Cuando un país debe abrir su economía, empieza a transitar por una amplia autopista en la cual, las reglas para circular en ella deben ser aceptadas por el recién incorporado.
Uno de los resultados de la aceptación y cumplimiento de aquéllas, es que a medida que el país que decidió tomar dicha autopista eleva la velocidad, y toma las curvas cada vez con mayor confianza por la destreza adquirida al volante del nuevo vehículo, se parece más a los demás países que junto con él, buscan llegar primero a las diferentes metas que de tiempo en tiempo aparecen en la ruta.
Si bien al principio cada uno escoge su propio automóvil —el cual fue pintado y decorado de acuerdo con los gustos de cada país—, los elementos fundamentales del motor que los impulsa son, básicamente, los mismos.
Si bien hay unos de mayor cilindrada que otros, nadie de los que recorren la autopista de la globalidad está impedido a adquirir uno de esos potentes motores.
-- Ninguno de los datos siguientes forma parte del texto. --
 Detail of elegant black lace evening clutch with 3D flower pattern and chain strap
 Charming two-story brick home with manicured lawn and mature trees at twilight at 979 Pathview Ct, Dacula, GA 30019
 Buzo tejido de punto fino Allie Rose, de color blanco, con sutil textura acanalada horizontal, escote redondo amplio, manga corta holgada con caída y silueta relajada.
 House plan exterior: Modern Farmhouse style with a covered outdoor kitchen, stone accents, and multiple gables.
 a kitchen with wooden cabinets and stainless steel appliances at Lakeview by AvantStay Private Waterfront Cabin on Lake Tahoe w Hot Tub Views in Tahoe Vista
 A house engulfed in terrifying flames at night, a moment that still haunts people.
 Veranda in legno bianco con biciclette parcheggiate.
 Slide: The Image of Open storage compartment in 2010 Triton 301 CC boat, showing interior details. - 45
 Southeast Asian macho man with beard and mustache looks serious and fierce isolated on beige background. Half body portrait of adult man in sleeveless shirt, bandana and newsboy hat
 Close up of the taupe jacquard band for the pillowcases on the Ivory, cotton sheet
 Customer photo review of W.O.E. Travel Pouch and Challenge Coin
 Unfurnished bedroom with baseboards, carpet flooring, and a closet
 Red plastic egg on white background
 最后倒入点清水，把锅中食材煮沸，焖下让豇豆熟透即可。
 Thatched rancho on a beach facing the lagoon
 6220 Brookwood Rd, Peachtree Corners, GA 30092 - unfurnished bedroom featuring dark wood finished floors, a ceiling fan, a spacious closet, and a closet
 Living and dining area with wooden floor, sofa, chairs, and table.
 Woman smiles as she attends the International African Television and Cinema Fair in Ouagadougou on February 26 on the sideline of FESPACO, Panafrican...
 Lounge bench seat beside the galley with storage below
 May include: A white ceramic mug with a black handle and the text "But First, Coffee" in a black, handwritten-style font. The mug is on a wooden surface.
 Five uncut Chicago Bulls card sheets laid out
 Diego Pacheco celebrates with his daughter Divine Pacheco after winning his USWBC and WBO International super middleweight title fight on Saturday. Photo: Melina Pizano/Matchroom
Incluso, de ser su deseo, poco a poco puede cambiar la pintura y decoración del vehículo para, si así le conviene, parecerse a los modelos más llamativos.
En la autopista de la globalidad, unos van a velocidades que quizás para algunos pudieren parecerles de alto riesgo pero, ahí hay libertad total, siempre y cuando las reglas generales sean respetadas.
En los altos en el camino que tanto en tanto son obligatorios, los pilotos intercambian experiencias y opiniones; si bien al principio las lenguas en las cuales se comunican son muchas, a medida que se conocen convergen en unas cuantas; esto, en modo alguno tiene la idea de controlar al otro piloto sino facilitar la comunicación.
También, detalle no menor en esto de la convergencia, un observador externo y ajeno a la circulación en dicha autopista (pues él prefirió, en la ocasión que se le invitó a circular por la autopista, hacer su recorrido en la vieja y angosta carretera “libre” que conoce desde tiempo inmemorial pues ahí no paga cuota alguna), concluiría que todos los pilotos son del mismo equipo.
De lejos, todos los autos le parecen iguales y los colores escogidos, dice, son también similares; además, los pilotos se parecen, pues hablan y gesticulan como si fueren amigos desde siempre.
Para los que conducen un auto en la autopista, la actitud de aquél les parece un tanto rara, por decir lo menos. No entienden cómo, alguien que conduce un vehículo destartalado y en pésimas condiciones mecánicas, prefiere circular por una carretera angosta cuyas curvas y peraltes ponen en riesgo su vida.
El argumento que el invitado ofreció para no entrar a la autopista de la globalidad, fue que en su carreterita no paga cuota alguna; además, comprar un vehículo nuevo y tener que aprender a manejarlo bajo nuevas y estrictas reglas, no era algo a lo que estaba dispuesto a hacer. Afirmó, convencido, que él era único, diferente a ellos; alegó, que si lo querían ver en su moderna autopista, debían permitirle manejar su vieja carcacha bajo su Reglamento de Tránsito.
Vayamos ahora a nuestra realidad, y trate de empatar lo que digo en los párrafos anteriores con nuestra inclinación, profundamente arraigada, de querer seguir al volante de una vieja carcacha en una peligrosa carretera de dos carriles.
¿Le parece que lo visto estos días en el Congreso, es como seguir manejando una carcacha en una carretera angosta, y en sentido contrario al de los bólidos que van por la autopista de la globalidad?